The writer is guest-blogging for The Post.
While the world remains transfixed by the popular rebellions against Arab autocrats, there is a quieter drama emerging in a distant authoritarian capital. Russian President Dmitry Medvedev is, in an odd twist, beginning to act like a president.
In recent weeks, Medvedev has begun to take stances that potentially put him at serious odds with his mentor and predecessor, Prime Minister Vladimir Putin. Although Putin formally holds the junior position in this Russian tandem, he is still considered the more politically potent of the two. Many Russians have long assumed that Medvedev was nothing more than a place holder, a dutiful protege handpicked to serve as president so that Putin could eventually return for a third term without violating the Russian constitution. (According to Russia’s constitution, presidents can serve multiple terms, but not three terms consecutively.) Although the Soviet Union is long gone, Kremlinology lives on, and Moscow’s political elites are abuzz over whether Medvedev and Putin are clashing or whether Medvedev’s gambit is all part of some grand design.
It began over Libya. After the United Nations Security Council gave the green light to enforcing a no-fly zone over Libya, Putin said that the campaign “resembles medieval calls for crusades.” Medvedev quickly made his own statement, saying, “Under no circumstances is it acceptable to use expressions that essentially lead to a clash of civilizations, such as ‘crusades’ and so on. It is unacceptable. . . . Everyone should remember that.” It was Medvedev’s decision to support the U.N. resolution, and that was that. The Russian president has been orienting Russian foreign policy in a less anti-Western direction than Putin, and he doesn’t appear to appreciate the backbiting.

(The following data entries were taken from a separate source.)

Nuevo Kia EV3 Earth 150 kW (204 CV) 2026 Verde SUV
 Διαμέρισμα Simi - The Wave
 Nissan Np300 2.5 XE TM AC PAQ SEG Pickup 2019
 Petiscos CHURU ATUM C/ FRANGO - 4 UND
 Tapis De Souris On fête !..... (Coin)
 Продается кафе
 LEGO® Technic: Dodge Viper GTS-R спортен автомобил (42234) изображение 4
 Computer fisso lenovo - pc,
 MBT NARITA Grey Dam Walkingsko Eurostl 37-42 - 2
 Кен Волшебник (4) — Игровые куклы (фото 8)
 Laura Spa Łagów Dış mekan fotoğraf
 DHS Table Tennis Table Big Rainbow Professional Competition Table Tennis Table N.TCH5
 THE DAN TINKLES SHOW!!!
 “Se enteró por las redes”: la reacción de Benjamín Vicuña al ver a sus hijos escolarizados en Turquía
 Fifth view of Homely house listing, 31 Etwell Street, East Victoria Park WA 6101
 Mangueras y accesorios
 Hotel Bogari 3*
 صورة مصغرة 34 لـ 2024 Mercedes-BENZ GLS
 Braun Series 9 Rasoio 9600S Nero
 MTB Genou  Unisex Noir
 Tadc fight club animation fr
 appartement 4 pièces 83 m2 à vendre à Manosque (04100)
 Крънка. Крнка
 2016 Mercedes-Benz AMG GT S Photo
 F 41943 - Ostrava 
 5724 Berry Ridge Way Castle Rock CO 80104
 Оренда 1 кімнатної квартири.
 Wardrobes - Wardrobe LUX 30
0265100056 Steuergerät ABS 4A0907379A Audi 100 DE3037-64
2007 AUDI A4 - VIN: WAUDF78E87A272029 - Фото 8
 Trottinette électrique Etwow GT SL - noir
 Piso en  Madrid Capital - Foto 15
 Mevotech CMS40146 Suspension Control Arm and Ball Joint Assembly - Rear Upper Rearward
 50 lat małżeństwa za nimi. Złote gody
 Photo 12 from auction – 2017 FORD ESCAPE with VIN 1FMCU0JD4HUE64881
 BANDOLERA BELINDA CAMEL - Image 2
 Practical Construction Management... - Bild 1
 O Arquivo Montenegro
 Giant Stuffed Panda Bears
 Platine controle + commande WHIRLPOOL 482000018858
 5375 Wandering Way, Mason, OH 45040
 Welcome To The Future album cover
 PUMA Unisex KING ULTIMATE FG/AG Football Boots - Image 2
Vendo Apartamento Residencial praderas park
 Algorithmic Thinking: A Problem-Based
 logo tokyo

This episode may have been nothing more than a small spat or Putin’s not being able to resist going off script. The more significant move came a few days later when Medvedev suggested that senior government officials should be removed from the boards of major state companies. This proposal is significant for two reasons. First, the seamless network between the government and major state industries is a cornerstone of the authoritarian architecture that Putin built. It is not uncommon to find senior Kremlin officials simultaneously holding management positions in the country’s most powerful corporations. (For example, I recently wrote about the battle to save Khimki Forest. Igor Levitin, the Russian minister of transportation, who is pushing the construction that would build a roadway through Khimki to Russia’s Sheremetevo International airport, is also chairman of the board of Aeroflot.)
Second, when you look at who these senior Kremlin officials are, it reads like a who’s who of Putin’s closest friends and allies. Putin has known most of them since his days in the KGB or as a city official in St. Petersburg in the early 1990s.
What are we to make of it? With the next Russian presidential election 12 months away, many will say that Medvedev is making his play for a second term. (His spokesman has already said he’d like a second shot at the job.) Rather than wait for Putin to decide if he wants to return to the office, he is moving now to sideline Putin’s most powerful political allies. Others will argue this is nonsense. Putin is the leader of United Russia, the ruling party, and if he wants a third term in office, none of Medvedev’s machinations will change that one bit. Perhaps Medvedev knows his time is almost up, and he is just making waves so that he doesn’t leave office the way he entered, looking like Putin’s poodle.
Either way, the key thing to watch now is how Putin responds. Medvedev has made it clear that his proposal to have these officials step down from their lucrative posts is not a trial balloon. One of his aides has come forward with a list of names of people (read: Putin cronies) who would be affected by the policy. If Putin bows to it, some will say it must have been his idea or that he and Medvedev actually intend to keep the tandem in place for another term. More interesting, though, is if he doesn’t. Then the gloves may come off, and we will finally find out who Medvedev is — poodle or president.